#### Topic: What number representation to choose for a homebrew calculator?

One of first things a calculator-tinker has to do in his project is to consider what number format to use.
This choice is crucial for either the prospective math library and the way how to display numeric data.
There are two fundamental ways to implement numbers in a small calculators:

- Binary coded decimals (BCD) as used in original HP engines.
- Binary floating point formats as used on PCs.

Variant a) comes in two basic flavours: Packed and unpacked BCD while there are more design details
to consider, for example are exponents stored in sign/magnitude or in complement format?
Variants of b) usually differ in the amounts of bits to be dedicated to mantissa and exponent. Standardized
(IEEE) floating point formats use exponents to the base of 2 in a biased format. We will see later, that other
scalings (16 or 256) of the exponents may also be interesting. In such case the number is interpreted as
(–1)^S · M · 16^(E – bias) or (–1)^S · M · 256^(E – bias) instead of (–1)^S · M · 2^(E – bias).

Let’s discuss advantages and drawbacks of different ways to represent numbers.
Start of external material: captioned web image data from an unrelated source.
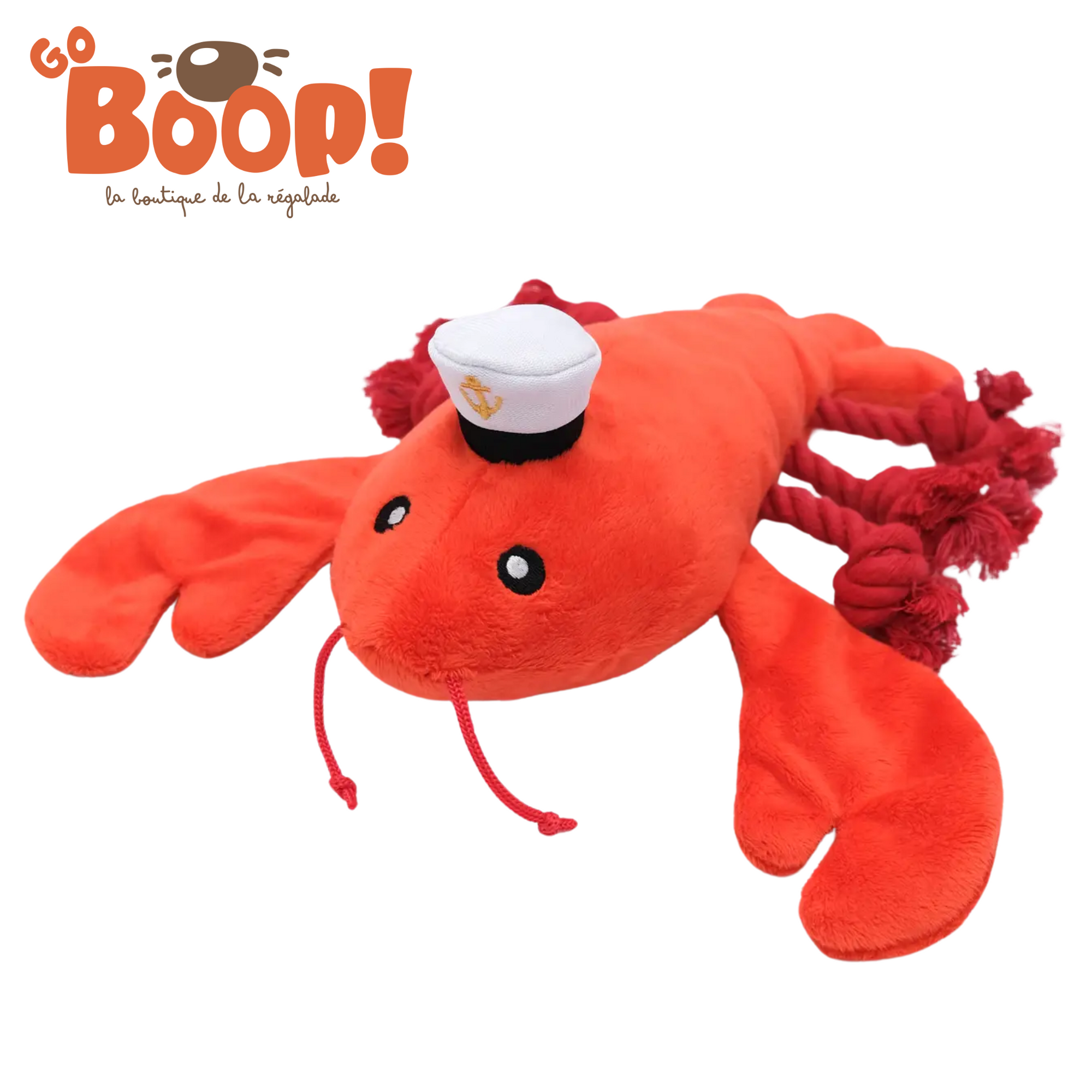 ZippyPaw - Luca le Homard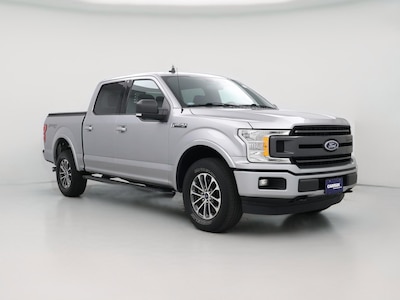 2020 Ford F-150 XLT -
                Raleigh, NC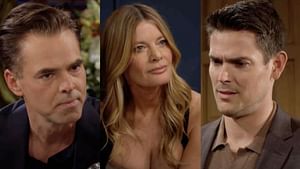 The Young and the Restless recap (May 13, 2025): Phyllis steals Billy’s phone while Victor pressures Adam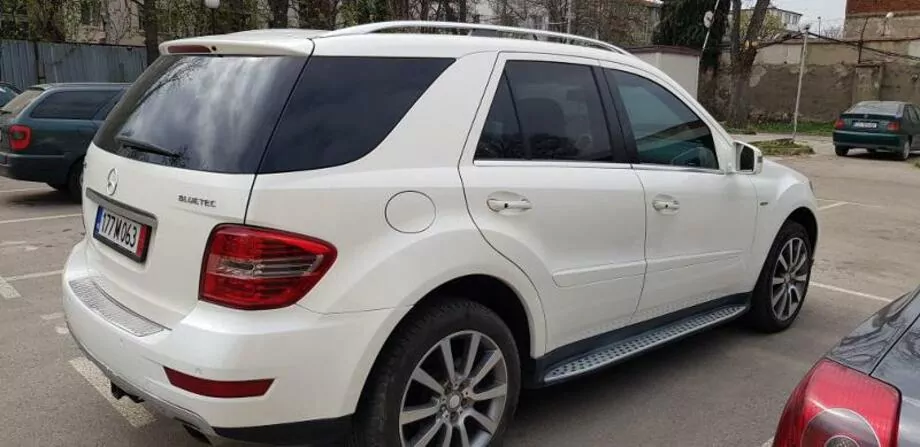 ID:546 - MERCEDES-BENZ ML 350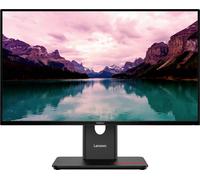 Moniteur LED Lenovo ThinkVision T24-40 CEE C (A - G) 60.5 cm 23.8 pouces 1920 x 1080 pixels 16:9 6 ms DisplayPort, HDMI™, USB 3.1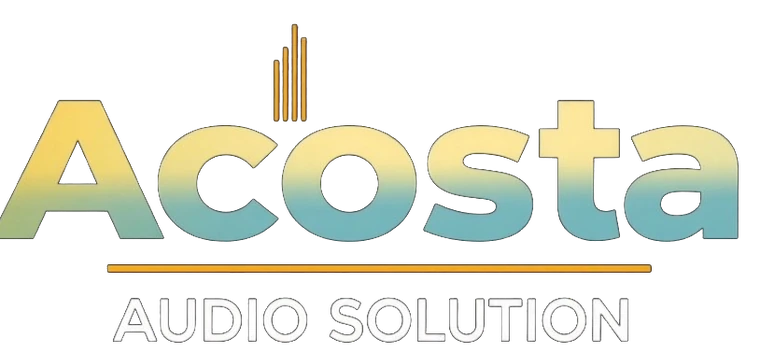 Acosta Audio Solution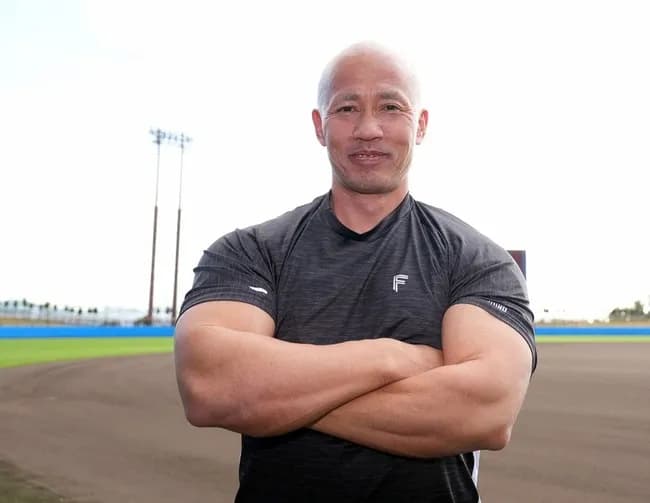 日本ハム　伝説のボディービルダー「ミスターパーフェクト」田代誠氏がアドバイザー就任
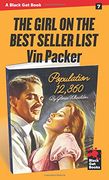 The Girl on the Best Seller List (Black Gat Books)
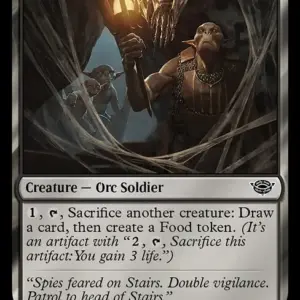 Cirith Ungol Patrol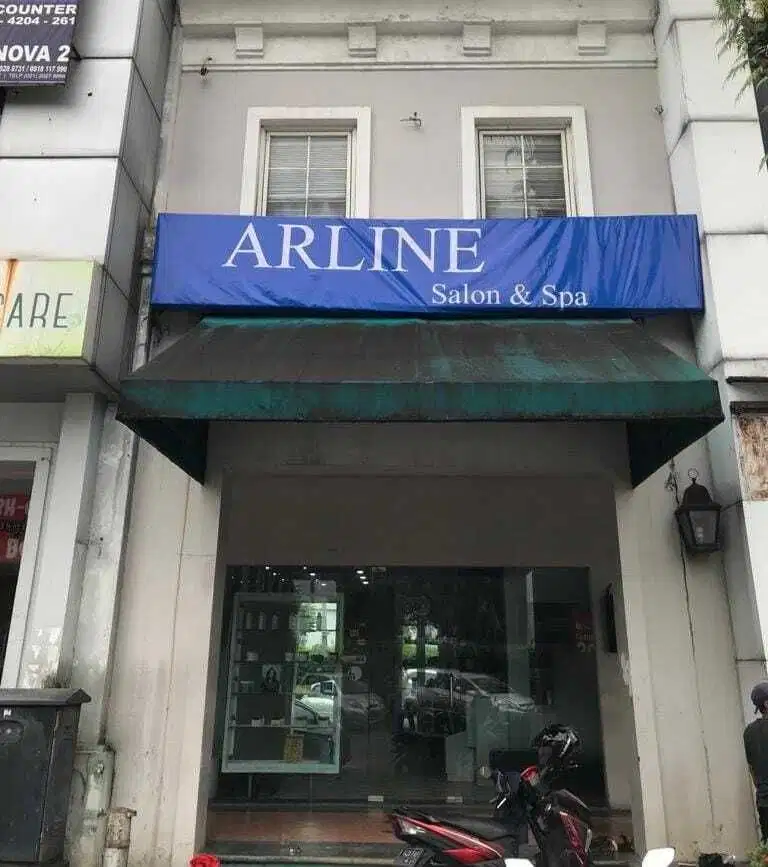 Dijual Ruko 2,5 Lantai siap huni, cocok untuk bisnis, di Sentul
In the classic HPs a 56bit
BCD format is used as follows:

``  S ’ M M M M M M M M M M ’ X E E``

Each place represents a packed BCD nibble of 4 bits. Exponents are stored in 10’s complement while for the
mantissa sign/magnitude is used (see also Jacques’ page, HP35  ->  operating -> output format).
It is to note that HP calculators use a dedicated decimal CPU which provides a large and specialized set of
decimal operations (addition, subtraction, shifting of arbitrary parts of a decimal register). For example shifting
the mantissa one digit to the right takes one single 10bit machine-instruction.

Available microcontrollers suited for making calculators usually work with binary numbers where elementary
instructions can process one byte at a time. Operations on registers have to be implemented manually, either
in C or Assembly language, taking much more program space than in HP originals.

Decimal formats

+    Original HP algorithms from the math section may be used as they are without any adaptations, assumed
that the basic operations (addition, shift, etc.) have been implemented.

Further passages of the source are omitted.